** EXERCISE **
For the entries below, return the line holding "5th image of 748 Vallejo Dr" together with all lines after it, unchanged, and leave every picture out.

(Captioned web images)
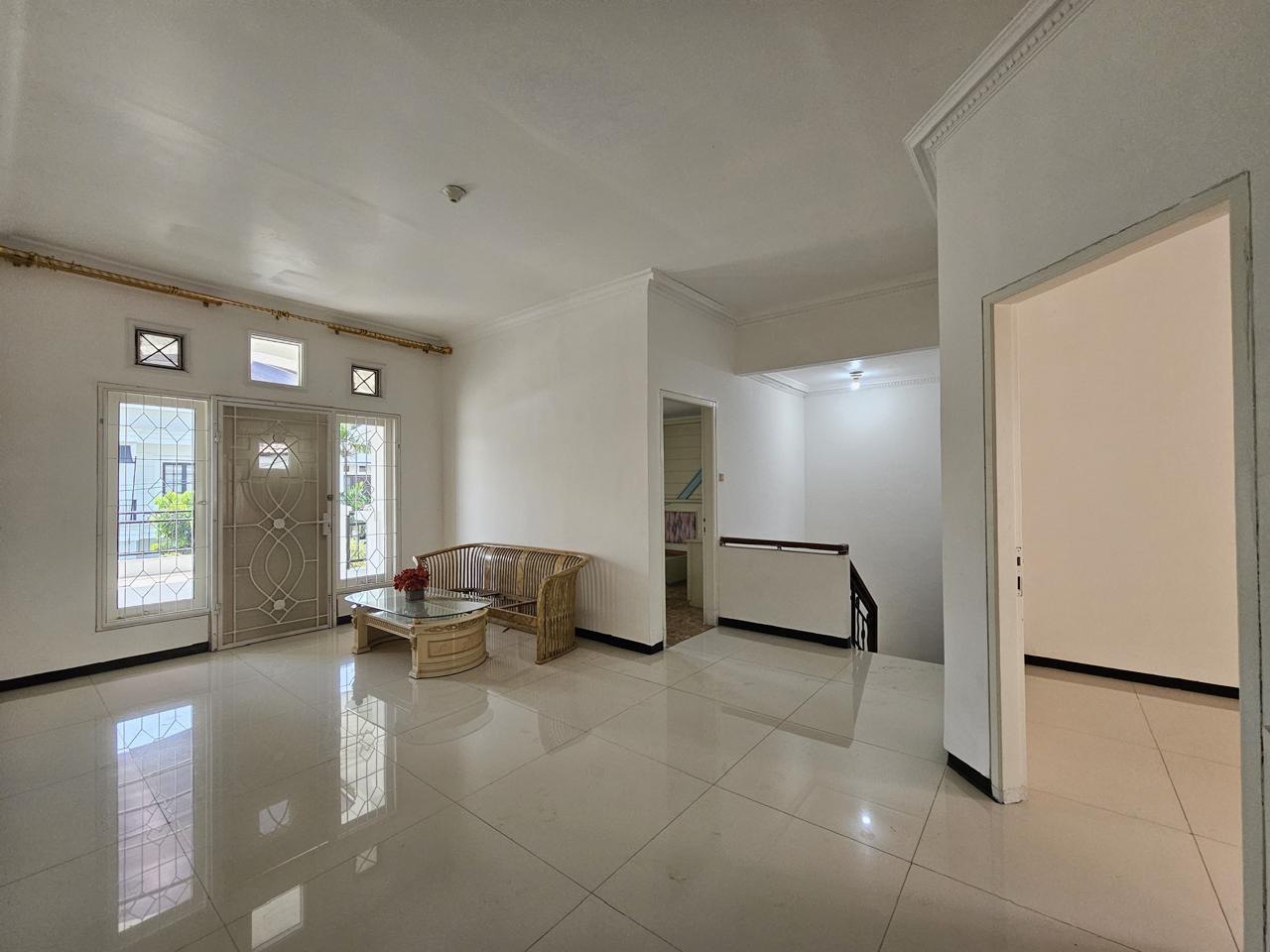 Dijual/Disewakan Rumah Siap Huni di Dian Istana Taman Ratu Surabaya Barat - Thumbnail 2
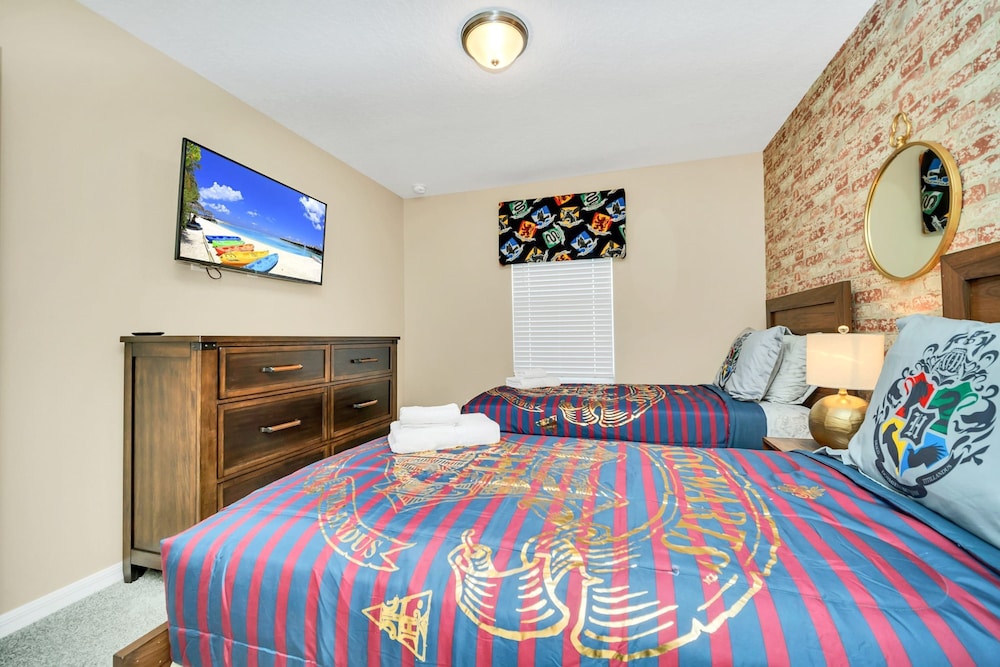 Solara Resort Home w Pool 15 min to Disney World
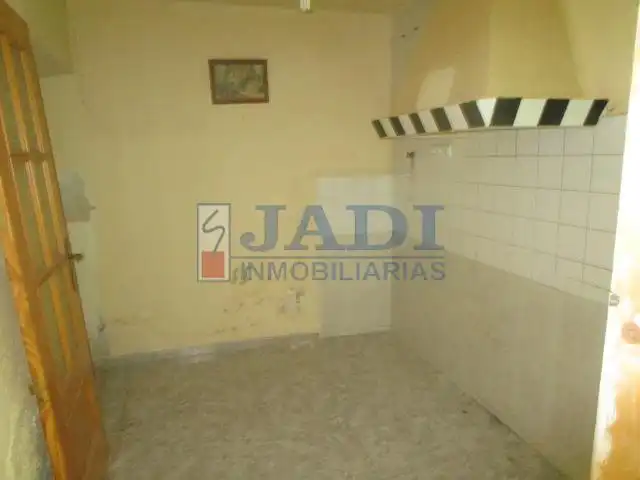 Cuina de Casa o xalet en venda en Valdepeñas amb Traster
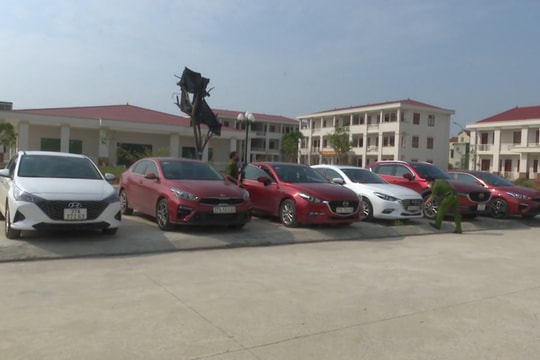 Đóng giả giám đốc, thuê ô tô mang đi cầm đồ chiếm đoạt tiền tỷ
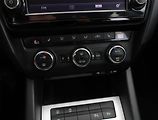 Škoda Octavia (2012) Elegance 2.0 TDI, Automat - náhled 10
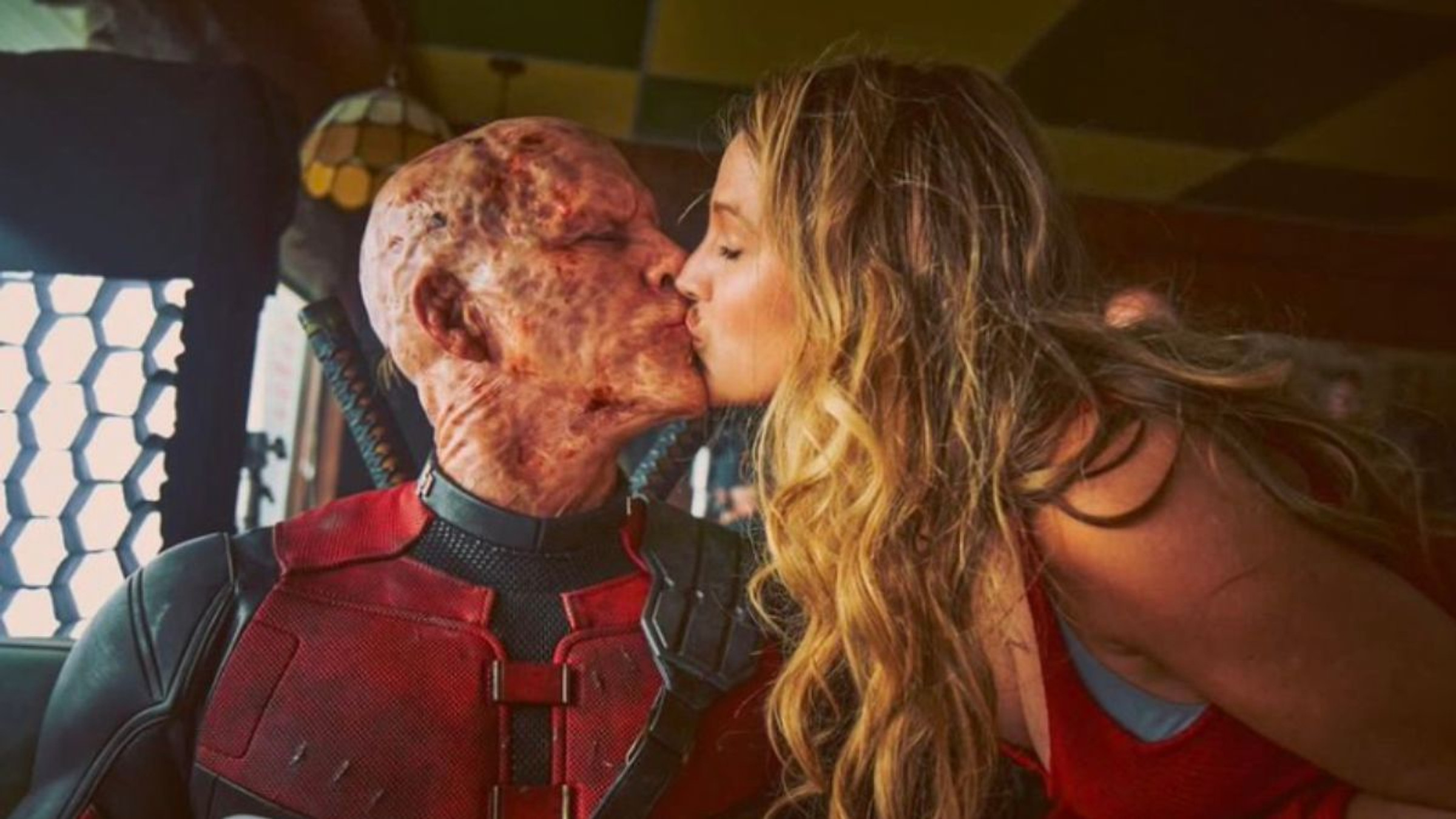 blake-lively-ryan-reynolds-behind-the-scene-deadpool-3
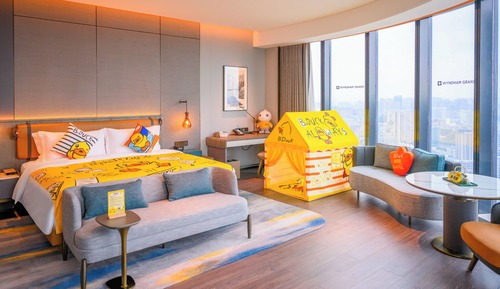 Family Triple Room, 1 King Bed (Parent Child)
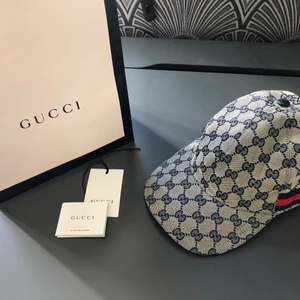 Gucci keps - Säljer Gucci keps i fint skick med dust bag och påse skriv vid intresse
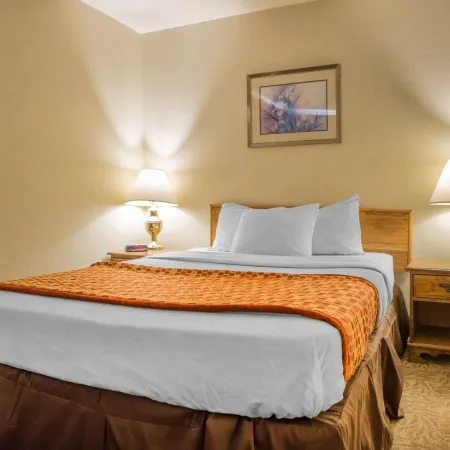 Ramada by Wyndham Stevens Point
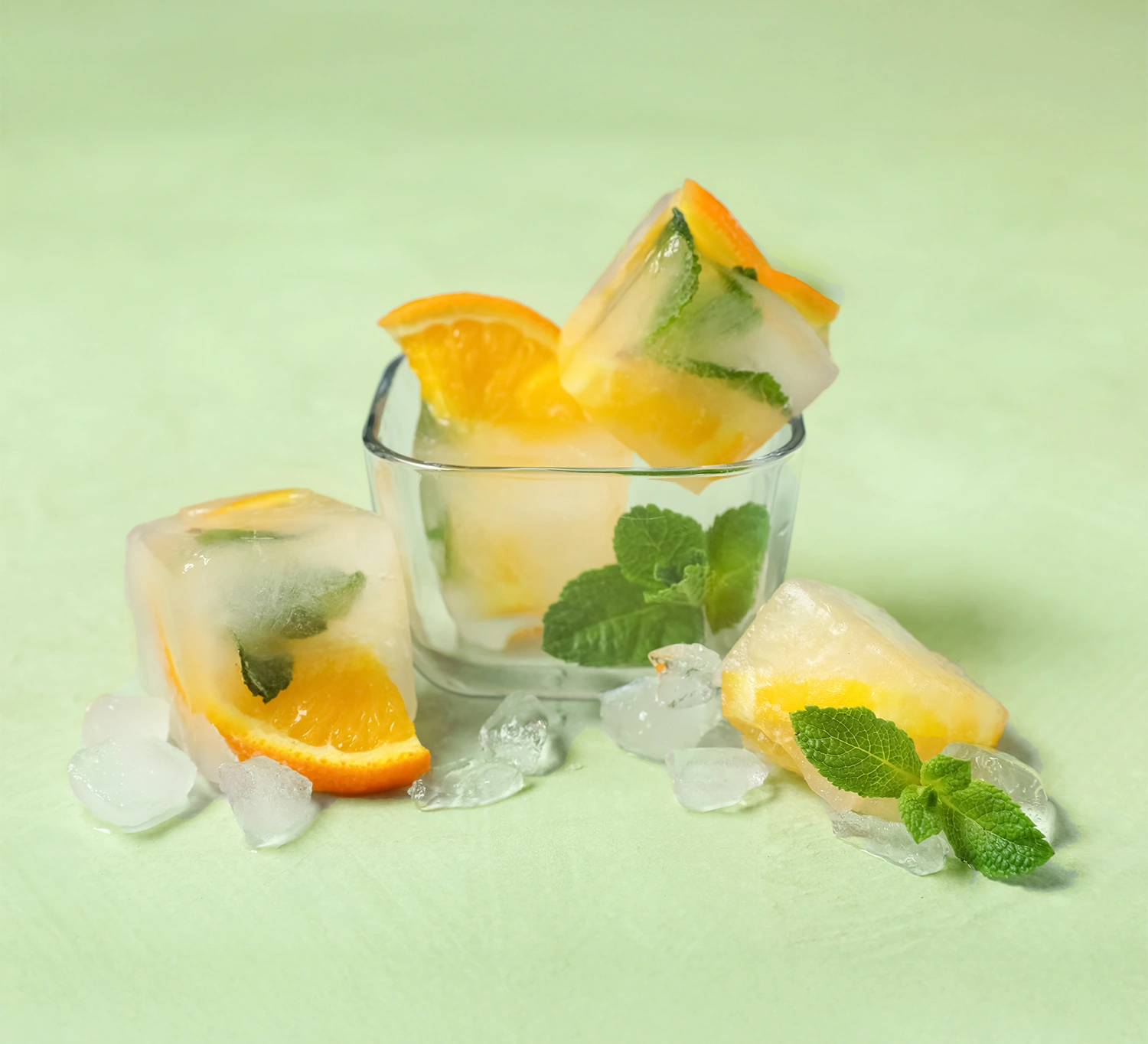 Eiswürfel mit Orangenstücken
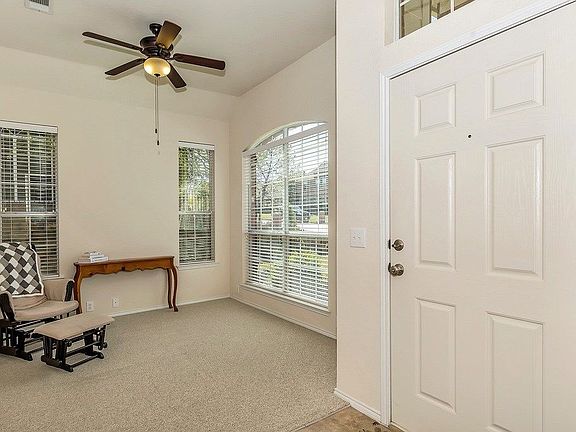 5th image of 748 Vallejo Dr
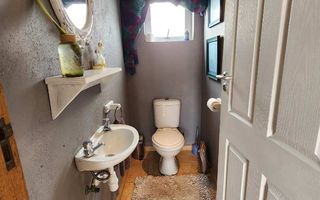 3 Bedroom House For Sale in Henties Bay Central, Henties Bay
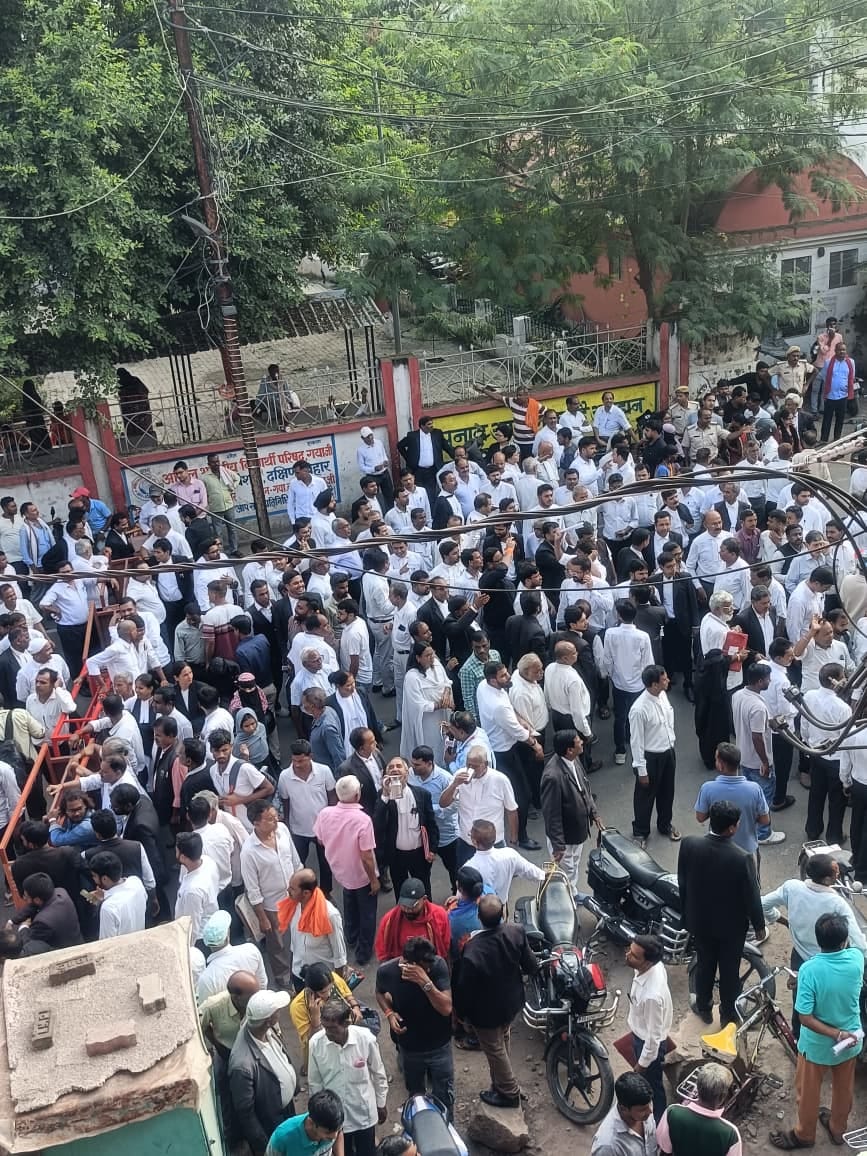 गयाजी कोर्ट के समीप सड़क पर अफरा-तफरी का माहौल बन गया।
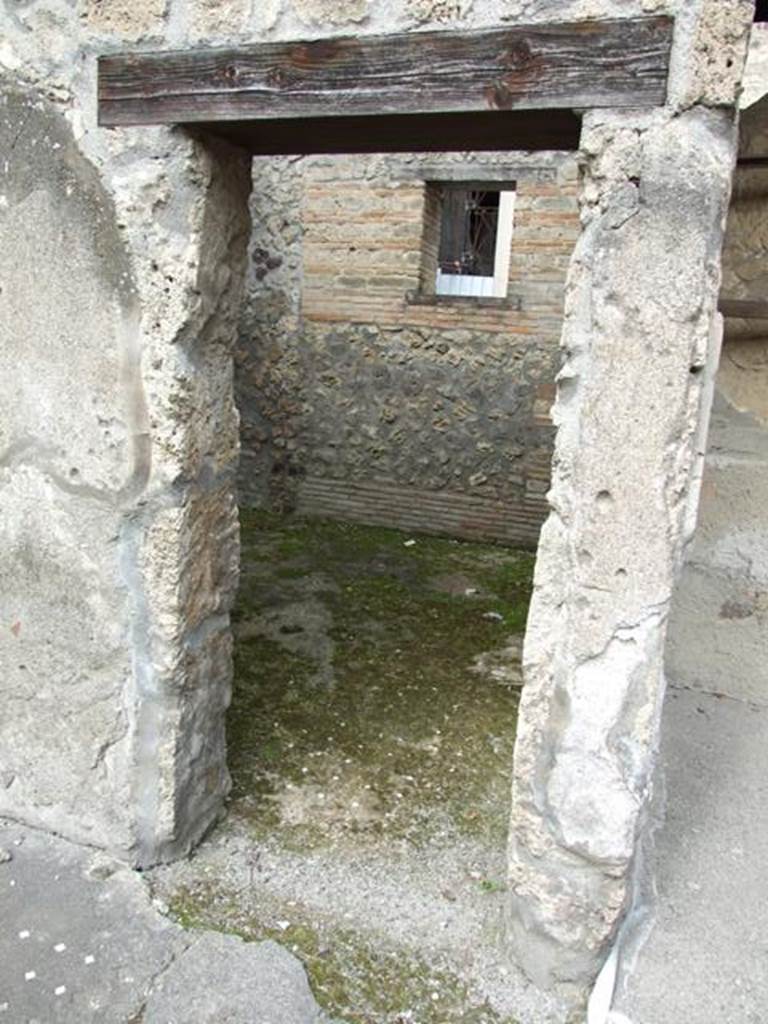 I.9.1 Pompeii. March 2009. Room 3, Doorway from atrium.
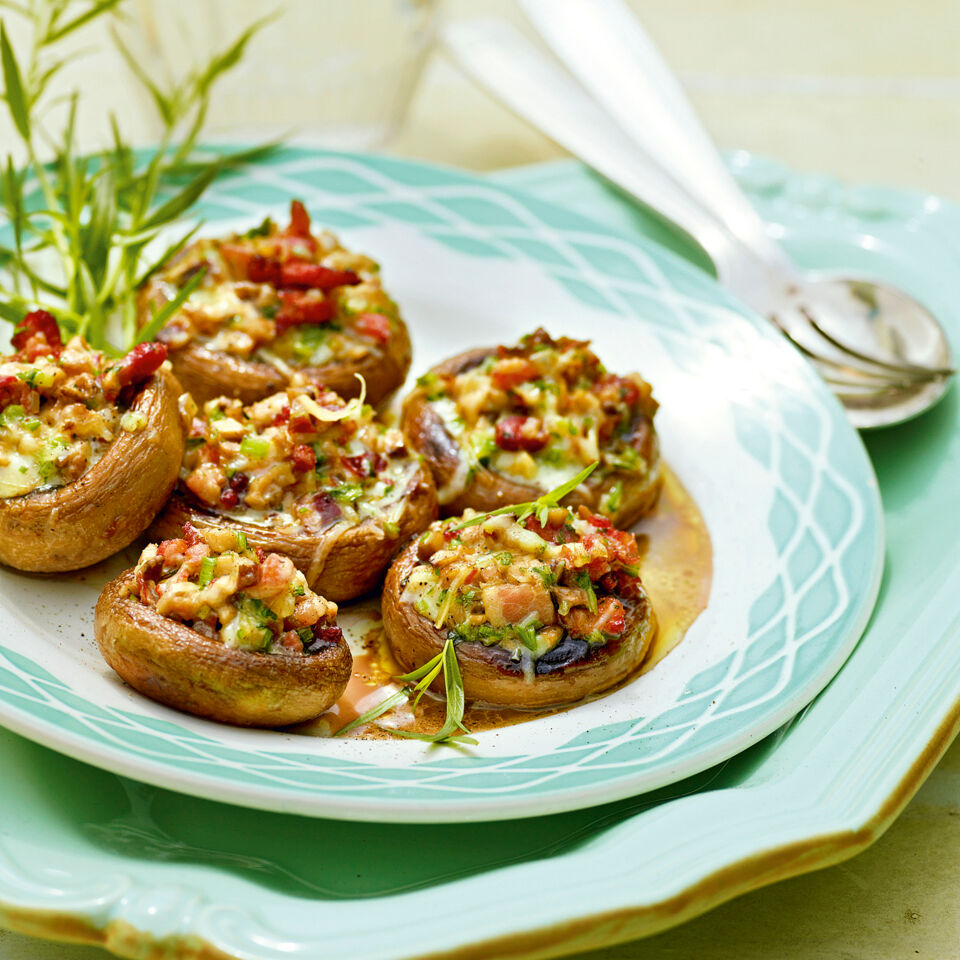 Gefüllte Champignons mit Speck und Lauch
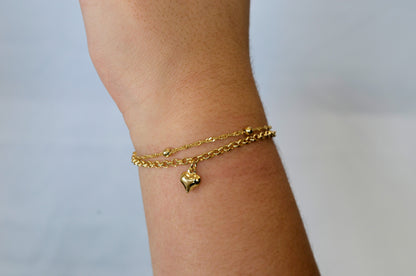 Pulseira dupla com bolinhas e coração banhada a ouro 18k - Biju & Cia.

** SOLUTION FOR THIS PROBLEM **
 5th image of 748 Vallejo Dr
 3 Bedroom House For Sale in Henties Bay Central, Henties Bay
 गयाजी कोर्ट के समीप सड़क पर अफरा-तफरी का माहौल बन गया।
 I.9.1 Pompeii. March 2009. Room 3, Doorway from atrium.
 Gefüllte Champignons mit Speck und Lauch
 Pulseira dupla com bolinhas e coração banhada a ouro 18k - Biju & Cia.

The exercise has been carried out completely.